Conséquemment, à la suite de son analyse, le DPCP est d'avis que la preuve ne révèle pas la commission d'une infraction criminelle par les policiers du SPAL impliqués dans cet événement.
Le DPCP fournit, au nom de l'État, un service de poursuites criminelles et pénales indépendant de toute considération de nature politique, et ce, de façon à préserver l'intégrité du processus judiciaire tout en assurant la protection de la société, dans la recherche de l'intérêt de la justice et de l'intérêt public, de même que dans le respect de la règle de droit et des intérêts légitimes des personnes victimes et des témoins.
Chaque dossier soumis au DPCP est analysé avec rigueur et impartialité. La norme qui guide les procureurs concernant l'opportunité d'entreprendre une poursuite est prévue à la directive ACC-3. En droit criminel, le fardeau de la preuve que doit satisfaire la poursuite est très exigeant.
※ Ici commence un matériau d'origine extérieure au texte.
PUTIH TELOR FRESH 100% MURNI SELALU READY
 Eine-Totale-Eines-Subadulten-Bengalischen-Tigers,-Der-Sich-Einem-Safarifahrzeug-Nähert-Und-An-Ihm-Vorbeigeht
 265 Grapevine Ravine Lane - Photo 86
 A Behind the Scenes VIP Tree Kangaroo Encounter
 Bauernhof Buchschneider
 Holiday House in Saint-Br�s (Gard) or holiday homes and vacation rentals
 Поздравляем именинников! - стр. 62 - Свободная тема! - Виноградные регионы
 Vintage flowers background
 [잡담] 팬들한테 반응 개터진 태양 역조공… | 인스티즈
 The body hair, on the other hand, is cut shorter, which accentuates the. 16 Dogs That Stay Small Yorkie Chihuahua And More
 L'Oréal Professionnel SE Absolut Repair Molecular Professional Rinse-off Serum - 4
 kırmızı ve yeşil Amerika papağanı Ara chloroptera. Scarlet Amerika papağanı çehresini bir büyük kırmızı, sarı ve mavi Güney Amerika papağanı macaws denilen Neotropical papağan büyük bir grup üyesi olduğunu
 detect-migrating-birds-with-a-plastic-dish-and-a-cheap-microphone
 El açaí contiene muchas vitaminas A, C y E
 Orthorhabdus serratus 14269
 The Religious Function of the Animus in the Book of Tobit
En raison du principe de la présomption d'innocence, la poursuite doit en effet faire une démonstration hors de tout doute raisonnable de la culpabilité de l'accusé devant le tribunal.
La décision de poursuivre ou non est une décision discrétionnaire prise par le procureur dans l'exécution de ses obligations professionnelles sans crainte d'ingérence judiciaire ou politique et sans céder à la pression médiatique. Par ailleurs, ce n'est pas la tâche du procureur de se prononcer sur une possible faute civile ou déontologique. Il ne cherche que les éléments lui permettant de conclure qu'un acte criminel a été commis et de déterminer s'il peut raisonnablement en faire la preuve. Il ne lui appartient pas non plus de formuler des commentaires ou des recommandations concernant les méthodes d'intervention policière.
La publication des motifs qui étayent la décision de ne pas porter d'accusation dans certains dossiers revêt un caractère exceptionnel et s'appuie sur des lignes directrices.